De camino a la panadería pasé por una escuela donde un grupo de niños y sus maestros presentaban un matutino y recordé a la maestra de cuarto grado de mi hijo, quien me decía ante las travesuras del mío y el resto de los traviesos niños, que para ella enseñar fue y es todavía el mayor premio de su vida porque en cada clase sentía el dulce néctar que deja esta noble labor.
“No hay mayor satisfacción que encontrase al paso de los años a quienes alguna vez le entregamos una gota de conocimiento y verlos transformados en personas útiles e indispensables de nuestra sociedad”, me decía con pasión. Cuando ensalzaba su quehacer y la comparaba con otros muy seria me decía: “No existe un buen o mal maestro.

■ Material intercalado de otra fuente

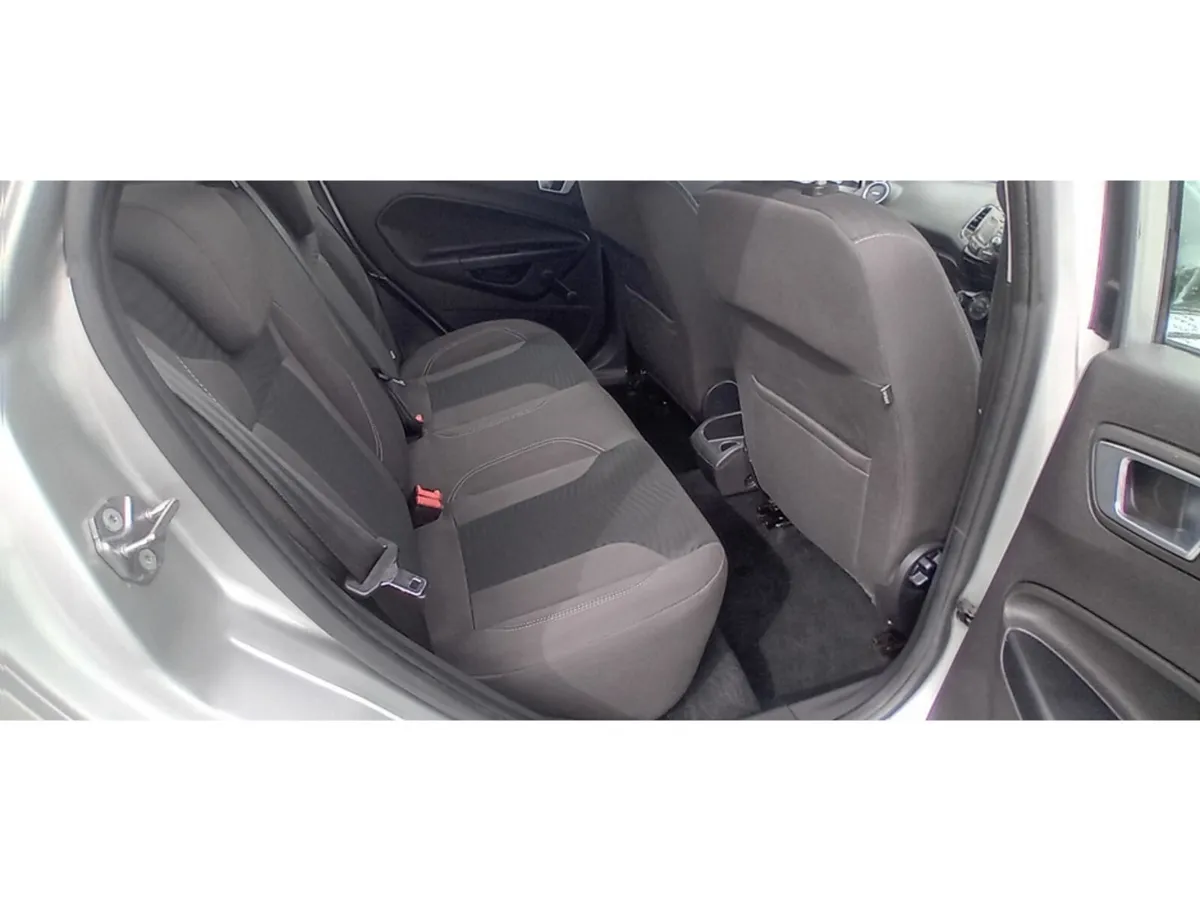 Ford Fiesta Hatchback, Petrol, 2016, Silver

Solo aquel que desinteresadamente se levanta un día con ansias de construir el futuro alimentando su arcilla fundamental, la enseñanza”. Es verdad ser maestro es una de las tareas más difíciles e importantes de la sociedad porque permite cruzar el umbral de los niños y jóvenes para entregarles conocimiento, y sobre todo enseñarles a ser buenas personas.
En los ojos de aquellos niños y sus profesores sentí esa adrenalina heroica que solo les da a lo que son capaces de salvar el mundo a través de libros y cuadernos. Por eso cualquier derroche de agradecimiento para quienes regalan en letras, números o fórmulas, el molde para formar los hombres y mujeres del mañana, se queda pequeño.

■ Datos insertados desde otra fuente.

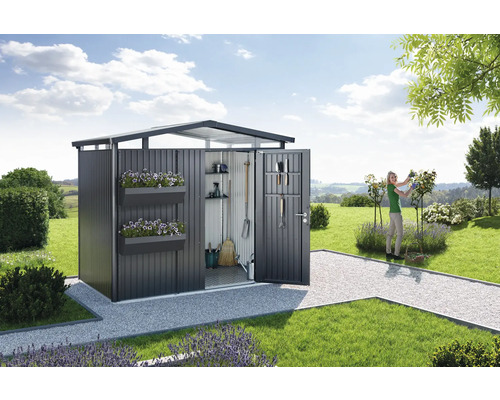 Otvorená záhradná búda v záhrade s policami, kvetináčmi a záhradným náradím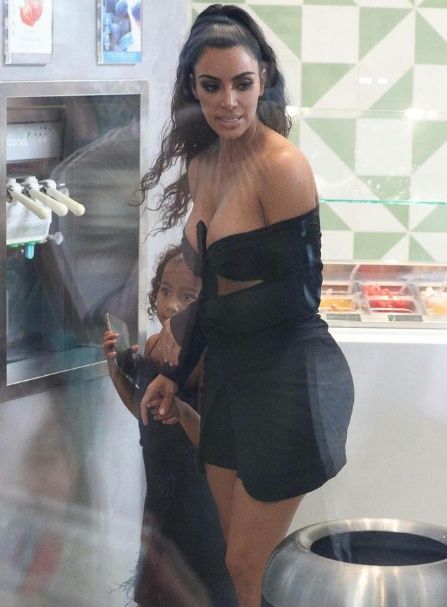 她们五姐妹不单单是时尚圈的名媛，而且穿衣一个比一个会玩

¡Cuánta ternura se esconde en el beso a la profe o el esfuerzo tras la rectitud en su quehacer ! El camino lleno muchas veces de obstáculos que se logran sortear con el apoyo de padres y de la comunidad. Un buen maestros es el mejor referente en el camino hacia la perfección.
Por eso la celebración del día del educador debe multiplicarse y traducirse en un: MUCHAS GRACIAS. Quizá por estas fechas muchos de ellos recuerden esas cosquillas del alma que solo se puede percibir de pie y frente a un aula repleta de esperanza.